Empiezo a sospechar que todo el mundo es ingeniero menos yo, que no soy nada. Al menos en las Cenas Raras, todos lo son o es lo que dicen, lo juro.
Yo, como no soy nada y mucho menos ingeniero, es muy difícil que triunfe socialmente porque, además, y, por si fuera poco, no soy gracioso.
Todos solemos venir de muy lejos en nuestras vidas que ya son de largo recorrido. Ya hemos ido y vuelto más de una vez en casi todo lo importante.
Hay asistentes muy preparados y experimentados en la vida. Por el contrario, yo no, parezco un aprendiz de todo y eso tampoco me ayuda.
Esta noche: había un ingeniero, al que llamaré -uno- sentado a mi izquierda; y una ingeniera, la -dos-, sentada enfrente. Mujer de sesenta y cuatro años, que aparentaba algunos menos y resultaba físicamente agradable, que no deseable (nadie con más de sesenta años lo es, y si es mujer, menos todavía).

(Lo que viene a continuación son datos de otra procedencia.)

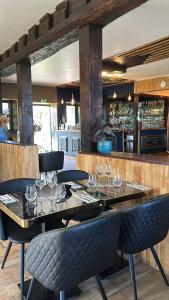 a restaurant with a table with wine glasses on it at Domaine Malar in Guillerval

Y en esto, llegó la cuarta presencia, programadas seis, asistentes reales tres y media (dos no asistieron).
Explico la excepción: era una abuelita de color, que no hablaba nada de español, por eso divido por dos su presencia: físicamente estaba, participativamente, no.
Habría sido una invitada de piedra, si no fuera porque los dos ingenieros, que hablaban inglés, es lo que tienen los ingenieros, que también tienen don de lenguas, acudieran a su rescate.
Ellos hablaron con la abuela (dijo que lo era), en inglés, naturalmente, y, en consecuencia, yo, que no sé idiomas, no hablaba con nadie.
La situación empezó a tocarme las narices; había llegado desde un apartado y lejano lugar para engañar a la soledad hablando de nada con otras personas (en español, que no en inglés); y resulta que la circunstancias me estaban chafando el plan.
Puse cara ausente, distante y suficiente, y mascullé para mis adentros ¡maldita sea! Con la mejor de mis sonrisas, encima (exigencias del guion de la extrema socialización).
Los ingenieros españoles se apiadaron de mí y me dirigieron la palabra en español, a fin de cuentas, la cena estaba organizada en español. Pero, todo estaba ya algo descompuesto, hasta mi presencia era una altisonancia…
La Fotografía: Para la de esta noche, poco a poco, ayudándome de un inconsciente optimismo, mientras paseaba por la calle Fuencarral, fui repasando los buenos propósitos que había decidido poner en práctica: sonrisas, relajación, vivo interés por los demás, más sonrisas, atenta escucha, indulgencia, más sonrisas, y así hasta conseguir encarnar la esencia misma del ser social ejemplar. ¿Y todo por qué, si esa actitud no me es propia, ni natural? No tengo ni idea. Tal vez porque soy atento y educado y siempre considerado. Por otro lado, en el colmo del buen estar, jamás sobreactúo para conseguir nada de nadie. Alguien debería orientar mis confusos pasos. De todas formas, observando a mi personaje de la foto, el semblante de escepticismo social no me lo quito ni con las mejores intenciones.